The HLA-A*24 allele has shown negative associations with autoantibodies to islet antigen-2 (IA-2) and zinc transporter 8 (ZnT8) in patients with established type 1 diabetes. Understanding how this HLA class I allele affects humoral islet autoimmunity gives new insights into disease pathogenesis. We therefore investigated the epitope specificity of associations between HLA-A*24 and islet autoantibodies at disease onset. HLA-A*24 genotype and autoantibody responses to insulin (IAA), glutamate decarboxylase (GADA), IA-2, IA-2β, and ZnT8 were analyzed in samples collected from patients with recent-onset type 1 diabetes. After correction for age, sex, and HLA class II genotype, HLA-A*24 was shown to be a negative determinant of IA-2A and ZnT8A. These effects were epitope specific. Antibodies targeting the protein tyrosine phosphatase domains of IA-2 and IA-2β, but not the IA-2 juxtamembrane region, were less common in patients carrying HLA-A*24 alleles. The prevalence of ZnT8A specific or cross-reactive with the ZnT8 tryptophan-325 polymorphic residue, but not those specific to arginine-325, was reduced in HLA-A*24-positive patients. No associations were found between HLA-A*24 and IAA or GADA. Association of an HLA class I susceptibility allele with altered islet autoantibody phenotype at diagnosis suggests CD8 T-cell and/or natural killer cell–mediated killing modulates humoral autoimmune responses.

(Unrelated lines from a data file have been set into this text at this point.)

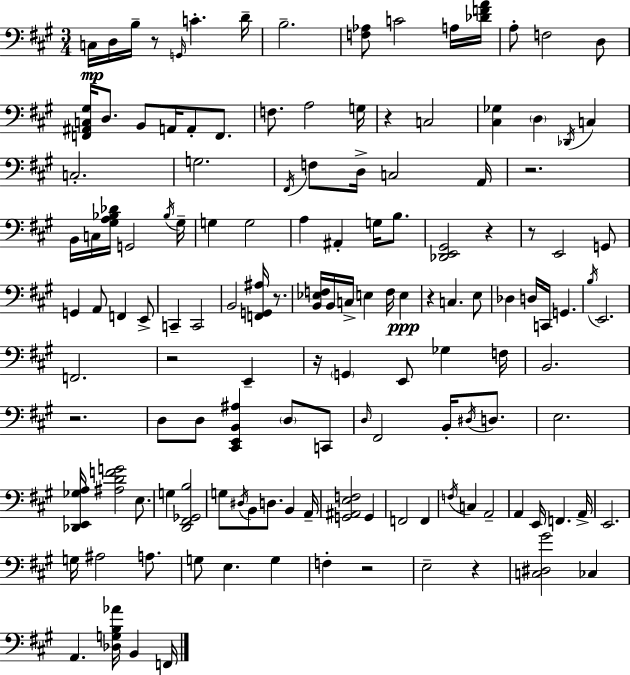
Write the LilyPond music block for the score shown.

{
  \clef bass
  \numericTimeSignature
  \time 3/4
  \key a \major
  c16\mp d16 b16-- r8 \grace { g,16 } c'4.-. | d'16-- b2.-- | <f aes>8 c'2 a16 | <des' f' a'>16 a8-. f2 d8 | \break <f, ais, c gis>16 d8. b,8 a,16 a,8-. f,8. | f8. a2 | g16 r4 c2 | <cis ges>4 \parenthesize d4 \acciaccatura { des,16 } c4 | \break c2.-. | g2. | \acciaccatura { fis,16 } f8 d16-> c2 | a,16 r2. | \break b,16 c16 <gis a bes des'>16 g,2 | \acciaccatura { bes16 } gis16-- g4 g2 | a4 ais,4-. | g16 b8. <des, e, gis,>2 | \break r4 r8 e,2 | g,8 g,4 a,8 f,4 | e,8-> c,4-- c,2 | b,2 | \break <f, g, ais>16 r8. <b, ees f>16 b,16 c16-> e4 f16 | e4\ppp r4 c4. | e8 des4 d16 c,16 g,4. | \acciaccatura { b16 } e,2. | \break f,2. | r2 | e,4-- r16 \parenthesize g,4 e,8 | ges4 f16 b,2. | \break r2. | d8 d8 <cis, e, b, ais>4 | \parenthesize d8 c,8 \grace { d16 } fis,2 | b,16-. \acciaccatura { dis16 } d8. e2. | \break <des, e, ges a>16 <ais d' f' g'>2 | e8. g4 <d, fis, ges, b>2 | g8 \acciaccatura { dis16 } b,8 | d8. b,4 a,16-- <g, ais, e f>2 | \break g,4 f,2 | f,4 \acciaccatura { f16 } c4 | a,2-- a,4 | e,16 f,4. a,16-> e,2. | \break g16 ais2 | a8. g8 e4. | g4 f4-. | r2 e2-- | \break r4 <c dis gis'>2 | ces4 a,4. | <des g b aes'>16 b,4 f,16 \bar "|."
}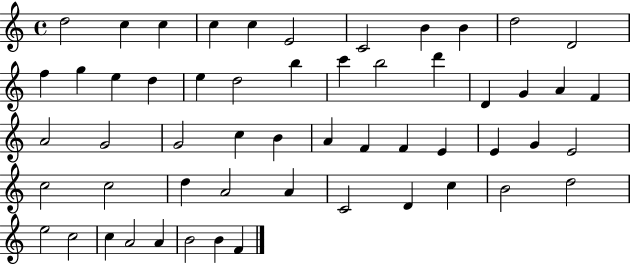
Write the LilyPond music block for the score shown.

{
  \clef treble
  \time 4/4
  \defaultTimeSignature
  \key c \major
  d''2 c''4 c''4 | c''4 c''4 e'2 | c'2 b'4 b'4 | d''2 d'2 | \break f''4 g''4 e''4 d''4 | e''4 d''2 b''4 | c'''4 b''2 d'''4 | d'4 g'4 a'4 f'4 | \break a'2 g'2 | g'2 c''4 b'4 | a'4 f'4 f'4 e'4 | e'4 g'4 e'2 | \break c''2 c''2 | d''4 a'2 a'4 | c'2 d'4 c''4 | b'2 d''2 | \break e''2 c''2 | c''4 a'2 a'4 | b'2 b'4 f'4 | \bar "|."
}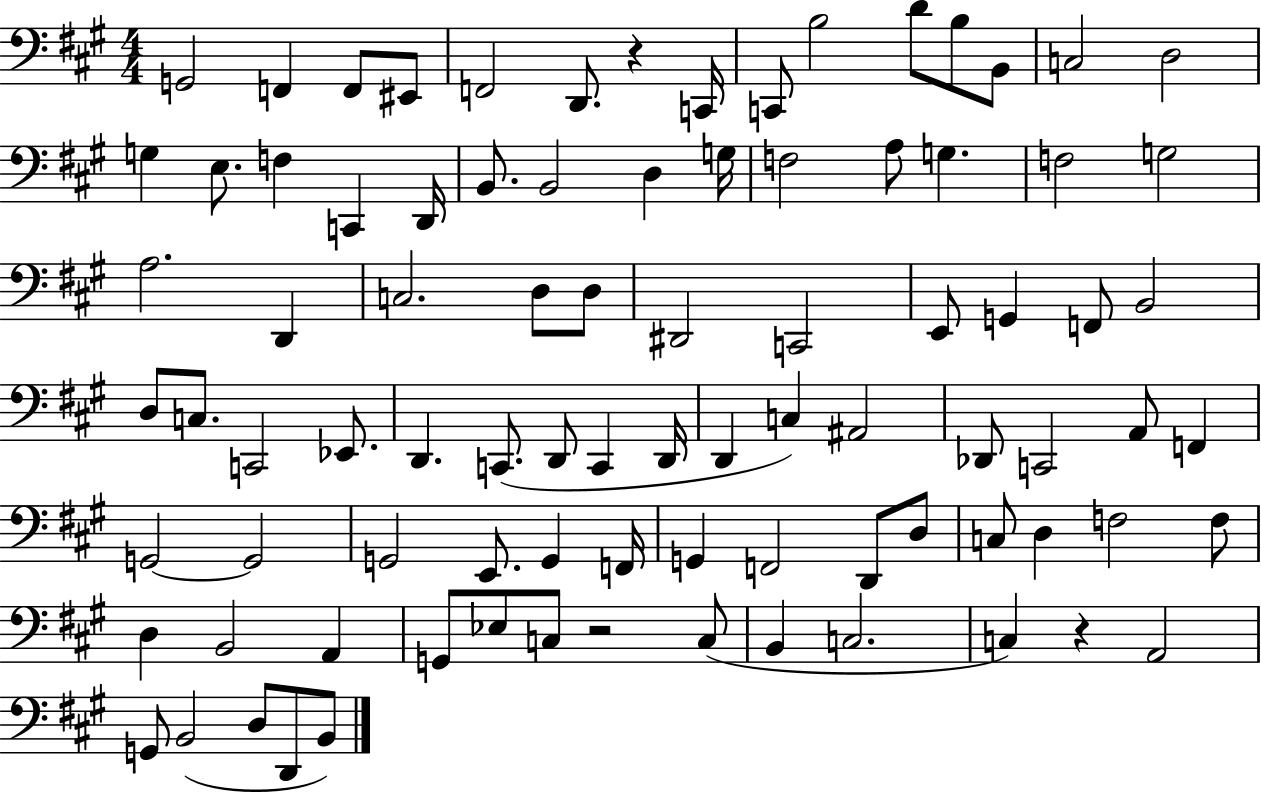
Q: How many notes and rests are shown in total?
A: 88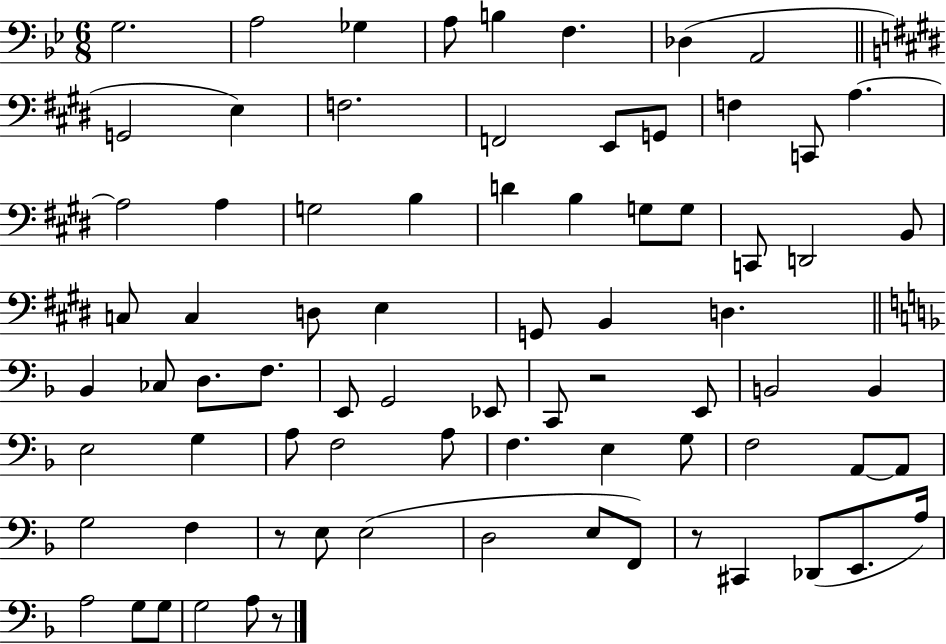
X:1
T:Untitled
M:6/8
L:1/4
K:Bb
G,2 A,2 _G, A,/2 B, F, _D, A,,2 G,,2 E, F,2 F,,2 E,,/2 G,,/2 F, C,,/2 A, A,2 A, G,2 B, D B, G,/2 G,/2 C,,/2 D,,2 B,,/2 C,/2 C, D,/2 E, G,,/2 B,, D, _B,, _C,/2 D,/2 F,/2 E,,/2 G,,2 _E,,/2 C,,/2 z2 E,,/2 B,,2 B,, E,2 G, A,/2 F,2 A,/2 F, E, G,/2 F,2 A,,/2 A,,/2 G,2 F, z/2 E,/2 E,2 D,2 E,/2 F,,/2 z/2 ^C,, _D,,/2 E,,/2 A,/4 A,2 G,/2 G,/2 G,2 A,/2 z/2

Autoantibodies to insulin (IAA), glutamate decarboxylase (GADA), islet antigen-2 (IA-2A), and zinc transporter 8 (ZnT8A) can appear many years before the diagnosis of type 1 diabetes and are powerful markers for predicting disease. IAA are generally the first antibodies to be detected in children at high genetic risk, followed by GADA; IA-2A and ZnT8A usually appear later (1). IA-2A responses often spread from the juxtamembrane (JM) region to the protein tyrosine phosphatase (PTP) region of IA-2 and IA-2β (2). ZnT8A epitopes are less well defined, but one major epitope includes the arginine-tryptophan polymorphism at position 325 (SLC30A8 single nucleotide polymorphism [SNP] rs1326663), which strongly influences ZnT8A responses (3).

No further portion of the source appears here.